Dinsmore & Shohl LLP
Columbus, OH
www.DinsLaw.com
Jan.Hensel@DinsLaw.com
(614) 227-4267
Jan E. Hensel is a Partner in the Labor and Employment Department and a member of the firm’s Recruiting Committee. Ms. Hensel concentrates her practice in the area of employment law, including state and federal discrimination litigation, drafting and revising policies and procedures, and advising clients in all aspects of employment law issues. Prior to joining the firm, Ms. Hensel served as Chair of the Employment & Workers’ Compensation Practice Group at Buckingham, Doolittle and Burroughs.
The U.S. Labor Department has announced a Notice of Proposed Rulemaking (NPRM) proposing revisions to the regulations implementing the FMLA.
Furthermore, the National Defense Authorization Act for FY 2008 amended the FMLA to provide leave for eligible employees to care for injured service members and to deal with any “qualifying exigency” arising out of the fact that a covered family member is on active duty or has been notified of an impending call to active duty.
Some of the changes became effective on passage—that is, on Jan. 28, 2008. Employees now can take FMLA leave to care for a covered service member. However, other provisions providing for FMLA leave due to a qualifying exigency relating to a family member’s call to active duty will not be effective until the Labor Secretary issues regulations defining “qualifying exigencies.”
The NPRM includes a description of the relevant family military leave provisions and seeks comments on subjects and issues that should be considered in the final regulations.
The proposed rules
Although far too extensive to address on one page, some of the important proposed changes to the FMLA regulations are highlighted below.
The two visits to a health care provider required to meet the definition of “continuous treatment” must occur within 30 days of the beginning of the incapacity.
The “periodic” visits to a health care provider required for a chronic health condition must occur at least twice or more a year.
Time spent in a light-duty position for a workers’ compensation injury does not count as FMLA leave.
Employees can voluntarily waive FMLA claims that already have arisen, and thus employers and employees can voluntarily settle past claims without Labor Department approval.
The distinction between an attendance bonus and a performance bonus is clarified. An employer can disqualify an employee from a bonus or award predicated on the achievement of a goal where the employee fails to achieve the goal as a result of an FMLA absence.
Employers that do not include notice of FMLA rights in an employee handbook must distribute a copy of the notice of FMLA rights at least annually.
Once an employee gives notice of the need for leave, the employer must notify the employee whether leave is still available within the 12-month period.
When designating leave as FMLA leave, the employer must inform the employee of the number of hours, days or weeks that will be designated as FMLA leave.
The employer must advise the employee every 30 days that leave has been designated and protected under the FMLA and the amount of leave so designated, if the employee took FMLA leave within that period.
The time period in which an employer must designate the leave as FMLA leave is extended to five days.
Employers may retroactively designate time off as FMLA time. However, employees who are actually harmed by the designation may have a remedy.
If 30 days’ notice is not practicable, notice of foreseeable leave must be given the same day (if the employee becomes aware of the need for leave during work hours) or the next business day (if the employee becomes aware of the need for leave after working hours).
The required content of an employee’s notice of need for FMLA is clarified and expanded.
The proposed regulations clarify and refine when an employer can require an employee to follow its usual and customary procedures regarding notice of the need for leave.
To meet their notice obligations, employees must provide notice to their employers of the need for unforeseeable FMLA leave before the start of their shifts in all but the most extraordinary circumstances.

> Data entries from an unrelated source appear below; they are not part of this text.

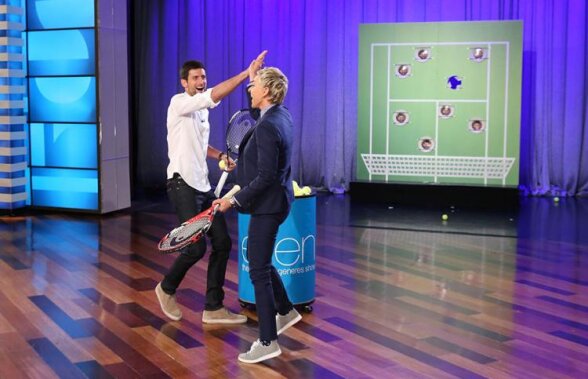 VIDEO Djokovici a făcut spectacol în show-ul TV al lui Ellen DeGeneres » Ce provocare a primit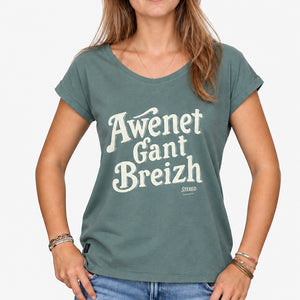 T-shirt Femme Awenet Gant Breizh - Vert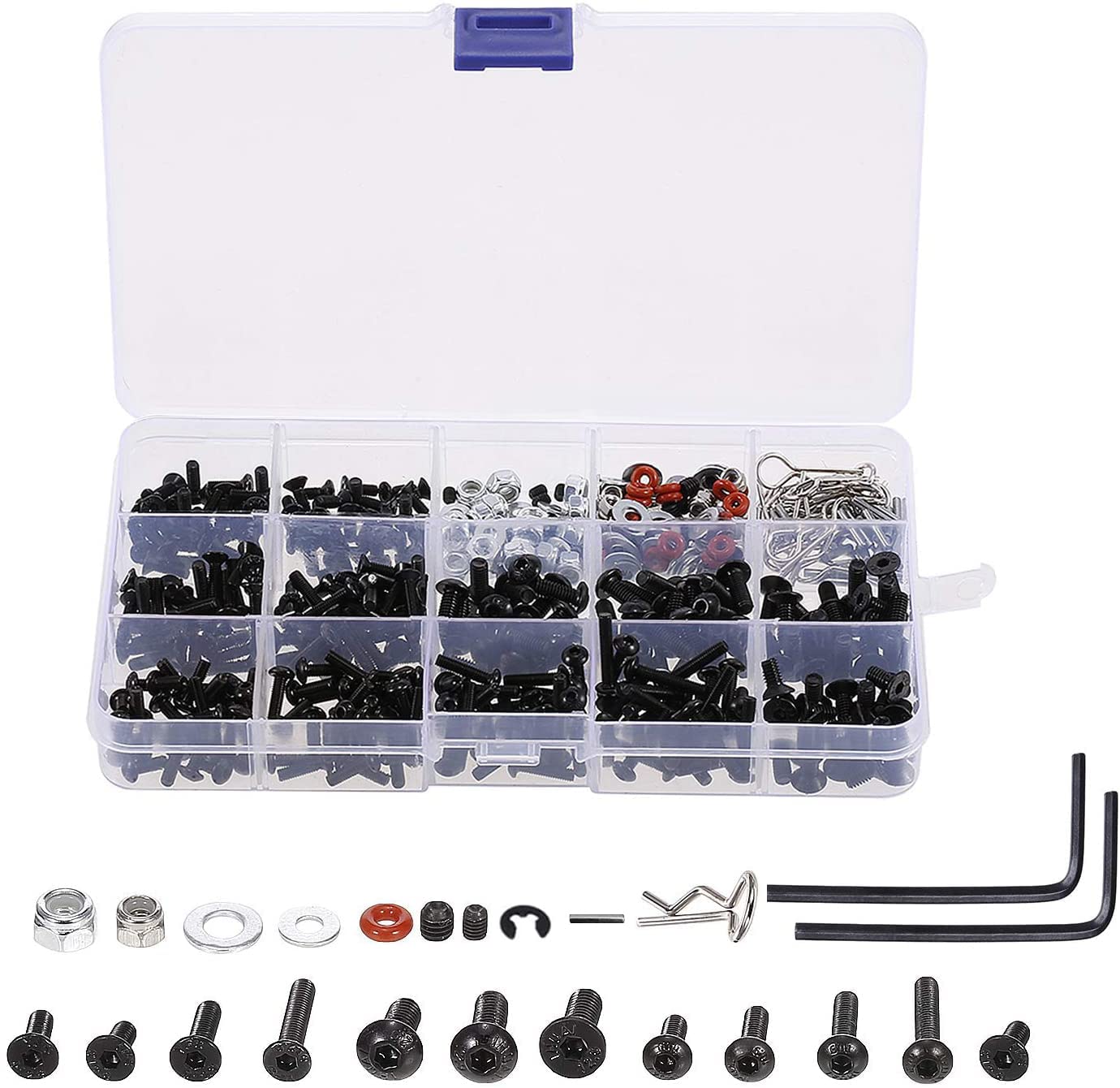 OGRC 522PCS RC Screw Kit - Universal RC Repair Tool Kit with Hardware Fasteners for Traxxas, Axial, Redcat, HPI, Arrma, Losi 1/8 1/10 1/12 1/16 Scale RC Cars, Trucks & Crawlers - Perfect for DIY Repairs & Maintenance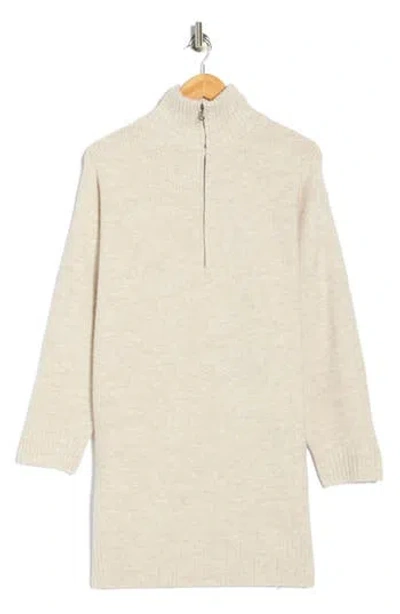 Stitchdrop Lincoln Square Half Zip Sweater Dress In Neutral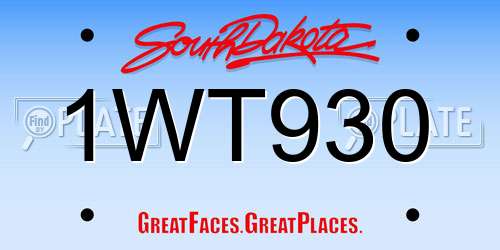 1WT930 South Dakota License Plate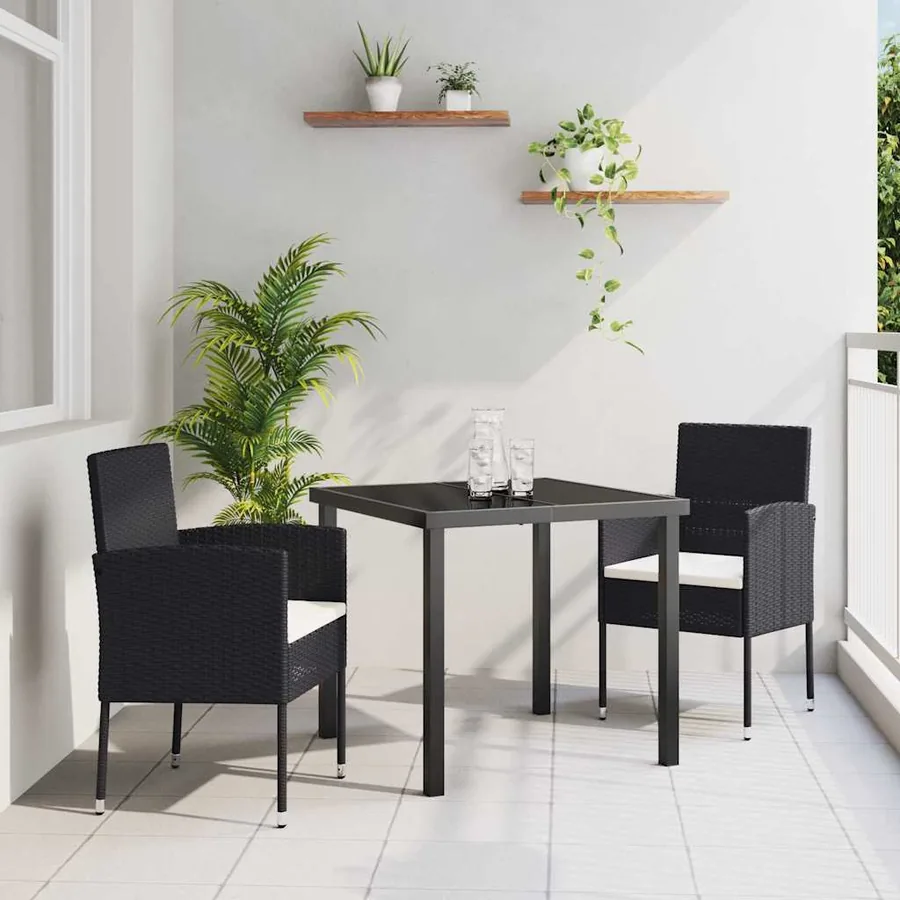 Ensemble de salle à manger pour jardin 3 pcs Noir polyrotin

The information needed for complete and sufficient certification is clarified, as are the employer’s obligations if the certification does not meet these requirements. Simply calling in saying that the employee or the family member is “sick” is not sufficient notice of the need for FMLA leave.
An employee’s consent would no longer be required for an employer to contact the health care provider for the purpose of authenticating the certification.
An employer may directly contact an employee’s medical provider to obtain clarification of the certification, as long as it follows the privacy requirements of the HIPAA.
Recertification may be requested every six months in circumstances where the original certification indicates that the condition will last for an extended period of time.
The proposed revisions are extensive. While they address many of the issues that employers have faced in administering the FMLA, many significant issues will be left unresolved if the regulations are implemented as proposed.
The Labor Department is specifically seeking stakeholder commentary on a number of issues, which must be submitted by April 11, 2008. Employers that have significant experience in a variety of FMLA issues, especially those arising when an employee requires unforeseeable, intermittent leave, would be well-advised to review the proposed revisions and submit their comments to the department.
The NPRM is available in its entirety on the Labor Department’s web site at www.dol.gov/esa/whd/fmla/FedRegNPRM.pdf.